Be very careful with which messages you send to each member. It's best to be as specific and graunular as possible. Don't send surveys out about the progress your association has made in the last five years to members who just joined three months ago. Don't send promotional material about a sale at your brick and motor store to people who live in another province.

Again, the great value of online marketing is that you get to make these kinds of distinctions. Tradional mailing campaigns used to have to craft as generic and wide reaching message as possible and send it off to everyone hoping for the best because of the scale and budgets involved. Now, reaching out to highly specific sub-sets of your members or customers is relatively easy and inexpensive, so take advantage of it!

#3. Communicate with purpose

While messaging your audience might be easy, it's still a responsibility you need to take seriously. Before sending out any piece of communication, you should always take a moment to evaluate what you really want to accomplish with it. If you think it over and the answer is "I just want our customers to know what is going on” you need to hold off on pressing that send button.

Every message should serve a specific goal. They don't always have to be trying to drive sales or directing action, but you should have a concrete reason for sending out a message. Calling attention to a new initiative your association is taking is a reason. "Touching base” is not. 

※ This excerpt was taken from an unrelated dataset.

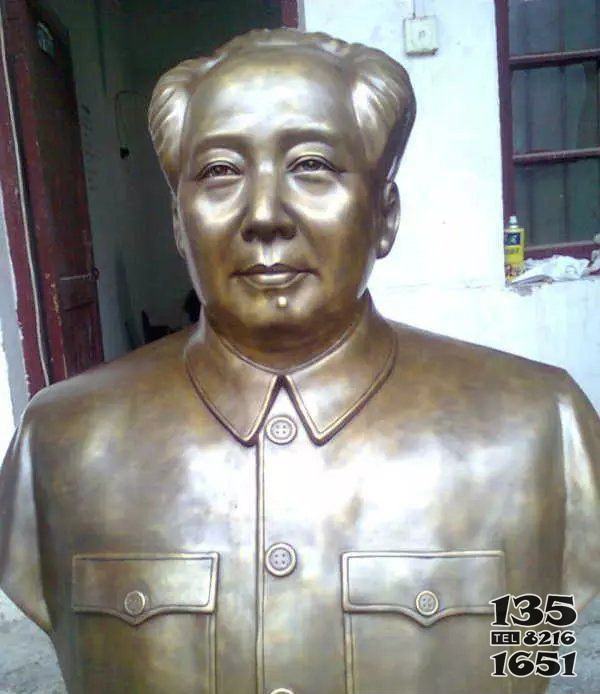 江鎮(zhèn)校園毛主席胸像偉人銅雕 毛主席雕塑青年高校金色意義圖片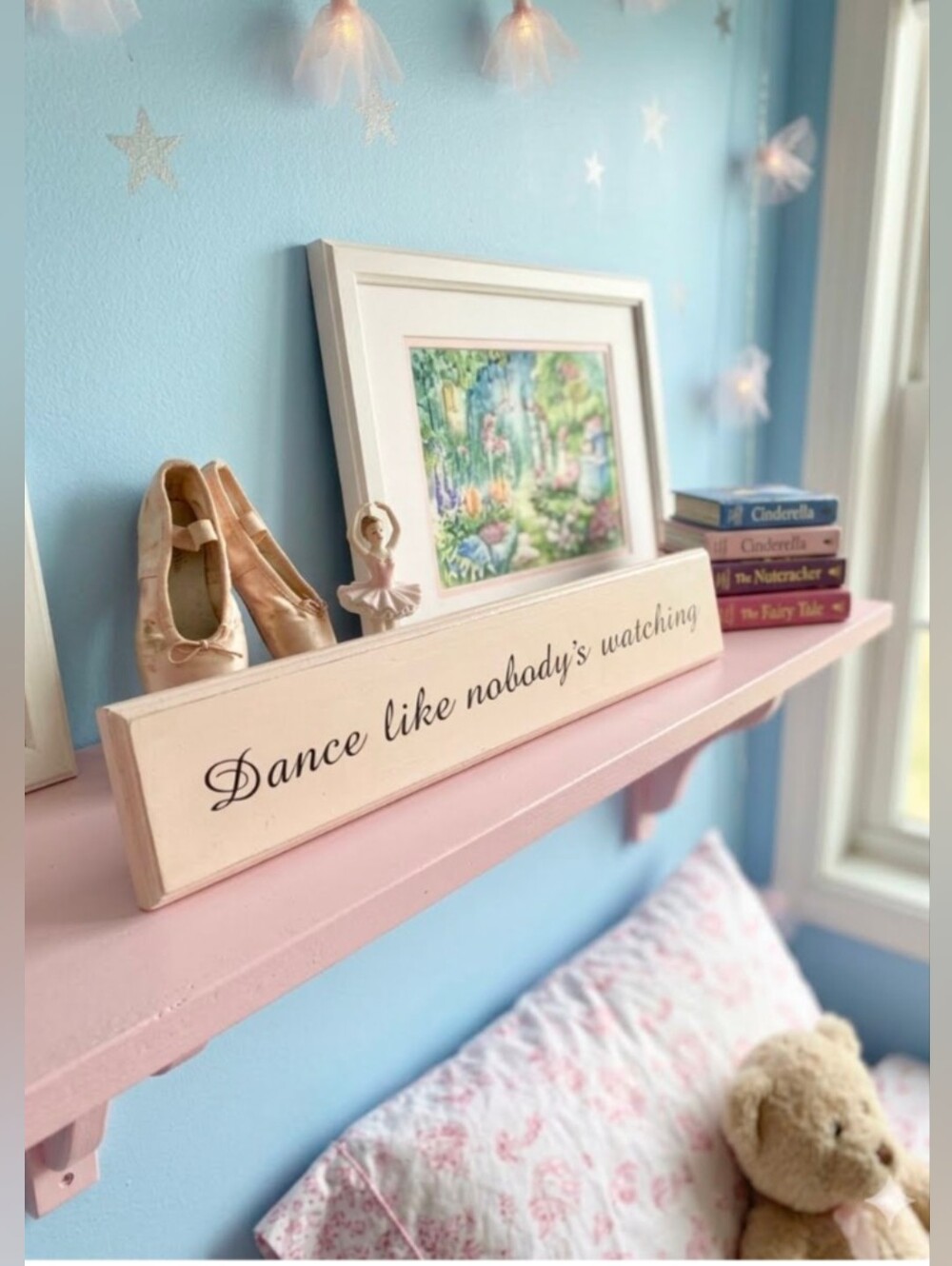"Dance Like Nobody's Watching" Wooden Wall Plaque Ivory Black Pink EUC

#4. Know when the time is right

Timing is everything. When a new member joins or a customer subscribes to your newsletter, you should immediately respond and welcome them, not wait until the next cycle of pre-scripted messages go out. Similarly, you need to know when to pump the breaks. Did you just send someone a message? Maybe automate your flow to make sure they don't receive another one for a few days. You want your messages to carry weight and draw attention, not seem like a clingy four-year old tugging on your customer's sleeve.

Of course, we can also look for triggers for certain types of messages. A good messaging strategy should look at both time based triggers (anniversaries, six months into using a service, etc) and action triggers (members upgrading or downgrading their membership, customers abandoning items in a shopping cart without completing a sale, etc). 

The right message is important, but knowing when to send it is crucial. 

#5 Personalize it

Again, think about all the junk mail you throw out. Anything that says "Dear Customer!” or "to whom it may concern...” or "YOU!” is almost immediately destined for the trash, right? But, something that is addressed to you by name, that looks like it has actual handwritten pen on the envelope, that smells faintly of her favorite perf- well, you get the picture. Correspondence that looks like it was sent from a real human that cares for you is treasure, everything else, not so much.

The same applies to online marketing, only our instincts for weeding out the inauthentic are even sharper and our fingers even quicker on the delete button. This is why you need to make your messages are personalized as possible. 

Avoid business jargon and stiff formality. Use your members and customers names, not "sir” or "madam.”  Don't get overly fancy, just stick to the basics -  a real message crafted for a real person.

Get the word out

There are the rock-bottom basics of drafting a winning messaging strategy. While there is a whole lot we could cover, hopefully these tips will at least get you moving in the right direction, or shed some light on why the messages you've been sending haven't been getting results.

Online messaging is a powerful tool. Be sure you're using it wisely!